Liputan6.com, Jakarta - Komisi Pemberantasan Korupsi (KPK) menyebutkan mantan Kepala Kantor Bea dan Cukai Makassar Andhi Pramono (AP) memakai dana hasil gratifikasi untuk keperluan Andhi Pramono dan keluarganya.
KPK menduga, Andhi Pramono menerima gratifikasi hingga Rp 28 miliar dengan menyalahgunakan wewenang jabatan ketika bertugas di Direktorat Jenderal Bea dan Cukai Kementerian Keuangan.

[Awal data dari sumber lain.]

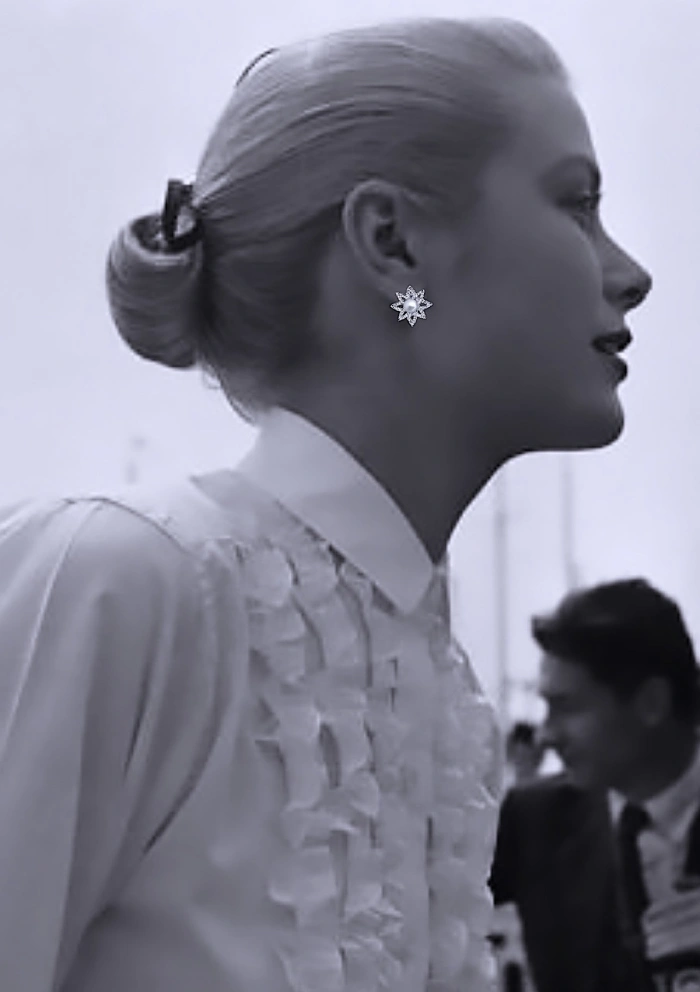 Pendientes BIG STAR en oro blanco 18K con diamantes y perlas australianas|Pendientes con Perlas|Godiam Alta Joyería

Wakil Ketua KPK Alexander Marwata menuturkan, dugaan penerimaan gratifikasi oleh Andhi Pramono sekitar Rp 28 miliar. Pihaknya masih terus menyelidiki.
Advertisement
"Masih terus dilakukan penelusuran lebih lanjut,” ujar Wakil Ketua KPK Alexander Marwata di Gedung Merah Putih KPK, Jumat, 7 Juli 2023, dikutip dari Antara, Sabtu (8/7/2023).
Tersangka Andhi Pramono diduga memakai uang hasil korupsi dengan cara dibelanjakan dan ditransfer untuk keperluan pribadi dan keluarganya.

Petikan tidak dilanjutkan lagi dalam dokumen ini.